PROBLEM STATEMENT →
All lines from the one containing "396 Elaine Dr" to the end of the listing below should be output exactly; omit the pictures.
START RECORDS PROVIDED
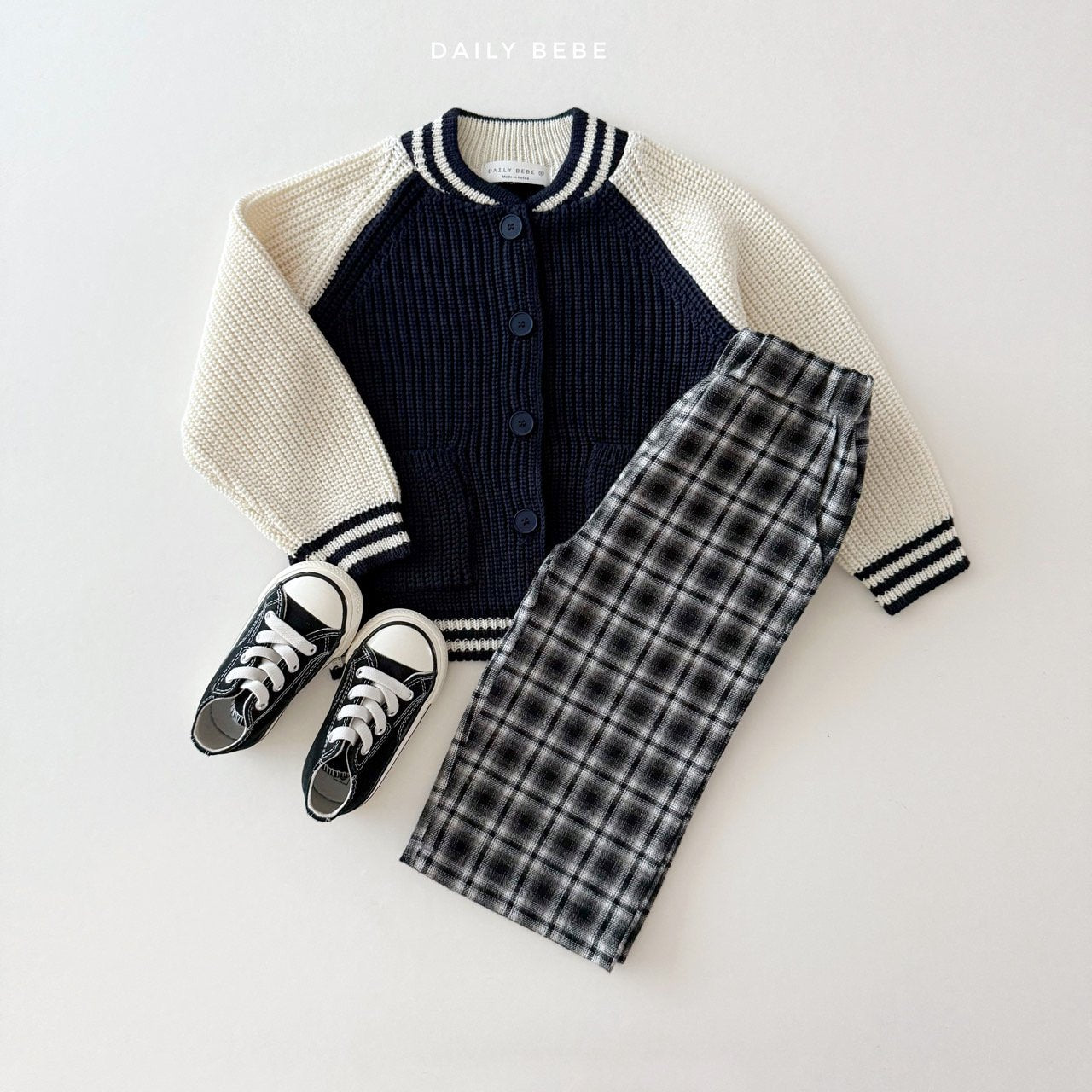 (Pre-order) Daily Bebe - Kids' Varsity Cardigan 바시티 가디건 (2 Colors)
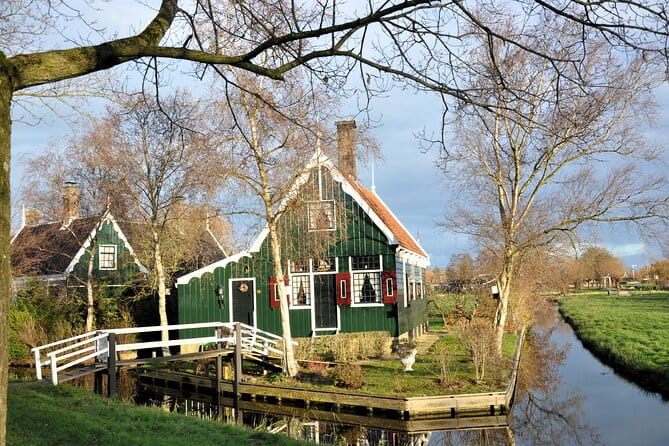 Private Guided Half Day Tour in Zaanse Schans from Amsterdam - The Itinerary in Detail: What You’ll Experience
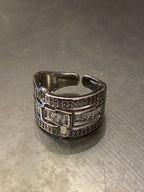 Baget ve pave taş detaylı 3 sıra yüzük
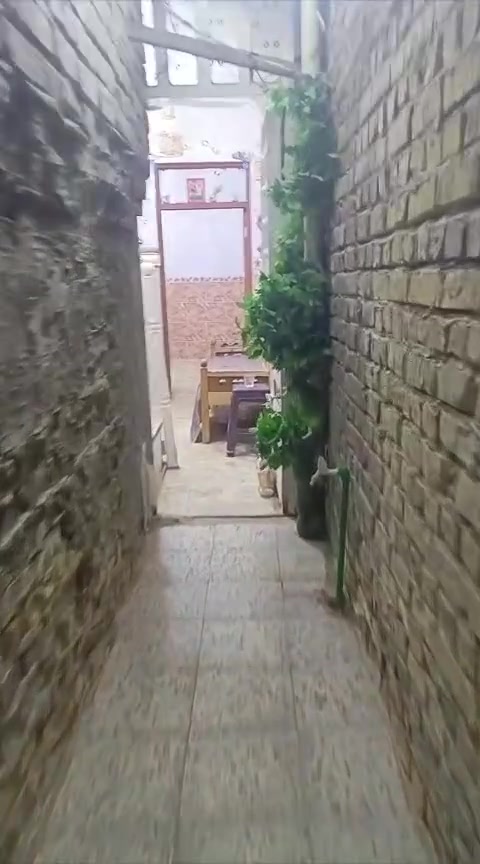 سلام عليكم بيت لبيع مساحه 50متر شعب قرب ساحت علا نجف بيت خلفيه نضيف عالي على شارع مجاري مي كلش زينه بيت مال عاله زغير سعر 50وبي مجال متواجد واساب رصيد ***********
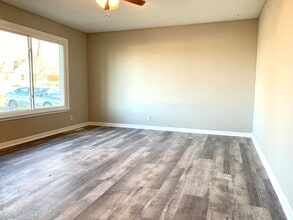 396 Elaine Dr in Clarksville, TN - Building Photo - Building Photo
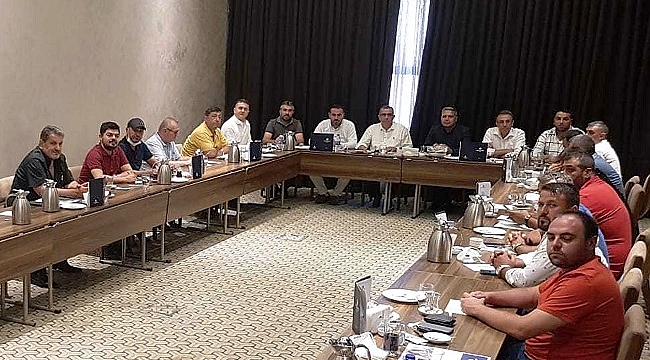 Yerli ve milli palet üreticileri Konya’da bir araya geldiler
END RECORDS PROVIDED
TASK RESULT →
 396 Elaine Dr in Clarksville, TN - Building Photo - Building Photo
 Yerli ve milli palet üreticileri Konya’da bir araya geldiler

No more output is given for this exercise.